This year, I retired my old 4th Generation iPad because it was getting pretty slow. I couldn’t do any serious work with it, and even reading the news or other recreational uses were painful. So I finally broke down and upgraded, but still felt bad to have a working electronic device without using it.
Then, I decided to get into Intagram poetry and faced two problems. 1) I didn’t want to clog up all the storage on my other devices with photos of poems, and 2) Instagram has ridiculous limits on the number of accounts you can have active on one device. I manage several instagram accounts for my job, so even though we post infrequently, I already have more than the allowed number for any one device. Adding another one seems silly, and I’m cheap, so I don’t want to rely on a third-party solution I have to pay for.

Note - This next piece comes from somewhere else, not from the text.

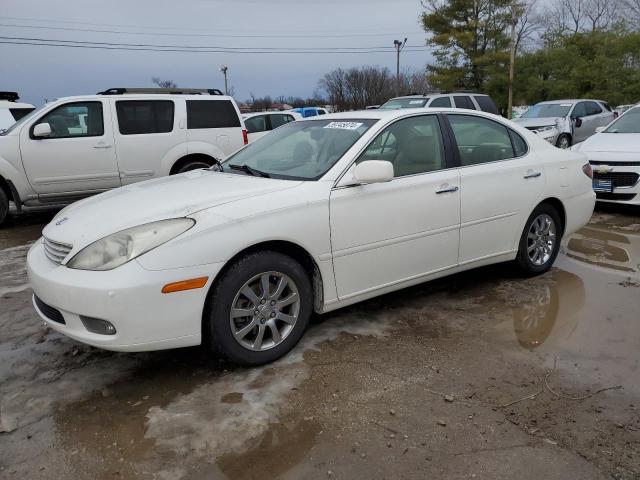 lexus es330 2004 jthba30g045030935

I could just log out of one infrequently used account on one device and use it for my new poetry account, but that would mean a lot of switching back and forth at some point, which is a pain. Instead, I chose to use the old iPad, which has a perfectly servicable camera and has enough storage now that I’ve deleted a bunch of apps that I won’t use anymore. The stripped-down iPad 4th Gen now works reasonably quickly and will take pictures of published poems from the contributors copies that I’ve kept over the years or of poems from my books that never appeared in magazines. I can photograph several in one sitting, and then post them periodically using the Instagram app on that device.
I’ve also learned how to take screen shots of electronic versions of poems, then open that in a photo editor on my computer (Photos works well enough on a Mac) to crop as needed and export to .jpg format. Then I can use AirDrop to send the image to my device (I’ve been using my iPhone to do this with Poetry South because we’re running a series of poems that I wanted to cross-post to Instagram). That ought to work just as well with the old iPad.
Using the iPad for Instagram works best for poetry because I’m not actually taking pictures out in the real world—I’m not a big fan of iPad photography, since you have to hold up the big old iPad to shoot. I did have to do a little juggling act to hold a magazine and my iPad to take a picture of a page, but once I find my old book easel (which I used to use for transcribing poems that I wanted to translate), then I can set up the open book in a well-lighted area and use two hands to take the picture with the iPad. And who knows, with a stripped-down iPad, I might even find I like using it to compose poetry, as long as I turn off auto-correct! That is, unless I plan to write Dada poetry; then auto-correct would help. In any case, it’s nice to have a use for the old iPad as long as it still works.